Julien on R shortcomings

Julien Cornebise posted a rather detailed set of comments (from Jasper!) that I thought was interesting and thought-provoking enough (!) to promote to a guest post. Here it is , then, to keep the debate rolling (with my only censoring being the removal of smileys!). (Please keep in mind that I do not endorse everything stated in this guest post! Especially the point on “Use R!“)

On C vs R
As a reply to Duncan: indeed C (at least for the bottlenecks) will probably always be faster for the final, mainstream use of an algorithm [e.g. as a distributed R library, or a standalone program]. Machine-level, smart compilers, etc etc. The same goes for Matlab, and even for Python: e.g. Pierre Jacob (Xian’s great PhD student) uses Weave to inline C in his Python code for the bottlenecks — simple, and fast. Some hedge funds even hire coders to recode the Matlab code of their consulting academic statisticians.

Point taken. But, as Radford Neal points out, that doesn’t justify R to be much slower that it could be:

  • When statisticians (cf Xian) want to develop/prototype new algorithms and methods while focussing on the math/stat/algo more than on the language-dependent implementation, it is still a shame to waste 50% (or even 25%). Same goes for the memory management, or even for some language features[1]
  • Even less computer-savvy users of R for real-case data, willing to use existing algorithms (not developing new algos) but on big/intricate datasets can be put off by slow speed — or even by memory failures.
  • And the library is BRILLIANT.

On Future Language vs R
Thanks David and Martyn for the link to Ihaka’s great paper on R-like lisp-based. Says things better than I could, and with an expertise on R that I haven’t. I also didn’t know about Robert Gentleman and his success at Harvard (but he *invented* the thing, not merely tuned it up).

Developing a whole new language and concept, as advocated in Ihaka’s paper and as suggested by gappy3000 would be a great leap forward, and a needed breakthrough to change the way we use computational stats. I would *love* to see that, as I personally think (as Ihaka advocates in the paper you link to) that R, as a language, is a hell of a pain [2] and I am saddened to see a lot of “Use R” books who will root its inadequate use for needs where the language hardly fits the bill — although the library does.

But R is here and in everyday use, and the matter is more of making it worth using, to its full potential. I have no special attachment to R, but any breakthrough language that would not be entirely compatible with the massive library contributed over the years would be doomed to fail to pick-up the everyday statistician—and we’re talking here about far-fetched long-term moves. Sanitary breakthrough, but harder to make happen when such an anchor is here.
I would say that R has turned into the Fortran of statistics: here to stay, anchored by the inertia that stems from its intrinsic (and widely acknowledged) merits  (I’ve been nice, I didn’t say Cobol.).
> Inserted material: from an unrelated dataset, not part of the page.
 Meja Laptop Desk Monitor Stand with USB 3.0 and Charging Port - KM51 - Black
So until of the great leap forward comes (or until we make it happen as a community), I second Radford Neal‘s call for optimization of the existing core of R.

Rejoinder
As a rejoinder to the comments here, I think we need to consider separately

  1. R’s brilliant library
  2. R’s not-so-brilliant language and/or interpreter.
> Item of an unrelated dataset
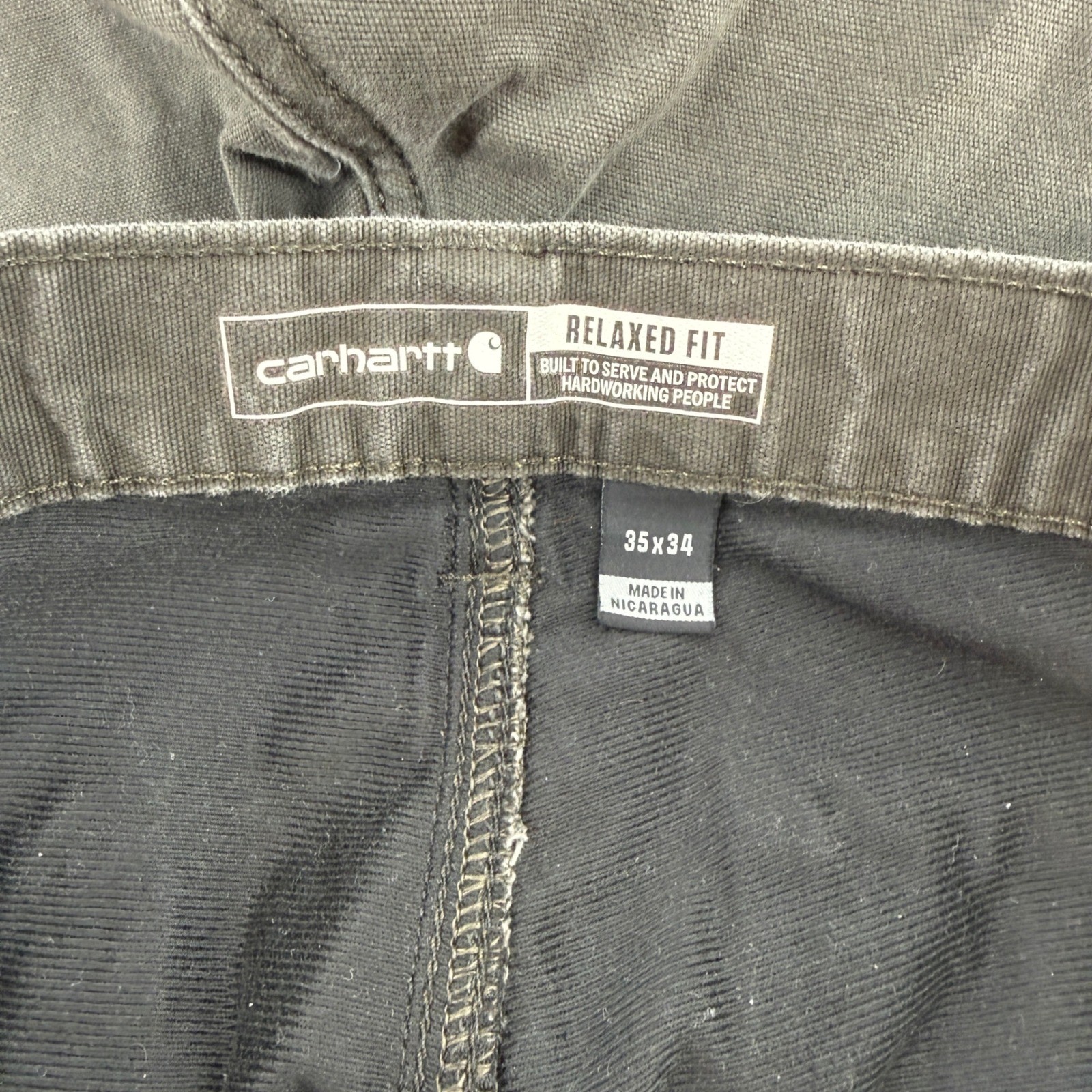 Carhartt Relaxed Fit Canvas Work Pants Mens 35×34 Gray 103342-306 Tool Pocket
It seems to me from this topic that the community needs/should push for, in chronological order.

  1. First, a speed-up of R’s existing interpreter as called for by Radford Neal.  “Easy” and short-term task, by good-willing amateur coders, or, better, by solid CS people.
  2. Team-up with CS experts interested in developing computational stat-related tools.
  3. With them, get out of the now dead-ended R language and embark on a new stat framework based on an *existing*, proven, language. *Must*  be able to reuse the brilliant R library/codes brought up by the community. Failing so would fail to pick up the userbase = die in limbo.  That’s more or less what is called for by Ihaka (except for his doubts on the backward compatibility, see Section 7 of his paper).  Much harder and longer term, but worth it.

From then on
Who knows the R community enough to relay this call, and make it happen ? I’m out of my league.

Uninteresting footnotes:
[1] I have twitched several times when trying R, feeling the coding was somewhat unnatural from a CS point of view. [Mind, I twitch all the same, although on other points, with Matlab]
[2] again, I speak only out of the few tries I gave it, as I gave up using it for my everyday work, I am biased — and ignorant

Neal

13 Responses to “Julien on R shortcomings”
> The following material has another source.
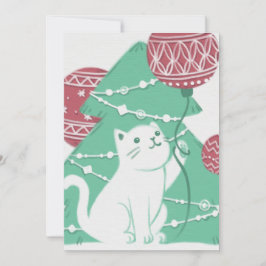 Frohe Weihnachten: Katzen und Ornamente Einladung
  1. [...] Paris statisticians are recipients of the Savage award this year: Julien Cornebise (PhD from Telecom-Paristech with Eric Moulines, now at UCL in Mark Girolami’s group) is the [...]

  2. [...] lectures and meetings. Once again, this evaluation is fairly special to the local conditions. As Julien commented, this reflects more on the faculty than on the Ph.D. [...]

  3. [...] si è accesa una nuova discussione, a cui sono seguite diverse repliche, tra le quali quelle di Christian Robert, Dirk Eddelbuettel, e Andrew [...]

  4. [...] Given the directions drafted in this comment from the father of R (along with Robert Gentleman), I once again re-post this comment as a main entry to advertise more broadly its contents. (Obviously, the whole [...]

  5. Honestly, I think the chances of moving R to another langauge are slim at best.

    The real value of R is CRAN. Basically, you would need a fully functioning interpreter in the language of choice. There is little value in half of the packages working half of the time, so that means that every single oddity and quirk in R/S that accumulated over the last decades has to be reimplemented (you may be able to exclude well-defined subsets of the language, such as S4, but you still need to make very sure that you either produce the same results or produce an error).

    This is a Herculean task. R, being intended for interactive use, lets you define, redefine and modify everything at runtime (class defs, environments, function definitions, …). That is a lot of state to keep track of, and even small changes in behavior will cause hard-to-find bugs (and judging from the discussions on R-devel, the inner workings of S4 et al are not straightforward, even to the pros on the list).

    To see just how hard that is, just read some of the Perl 6 discussions (btw, its still in development after 10 years, and Perl has pretty much fallen of the radar in the during that time).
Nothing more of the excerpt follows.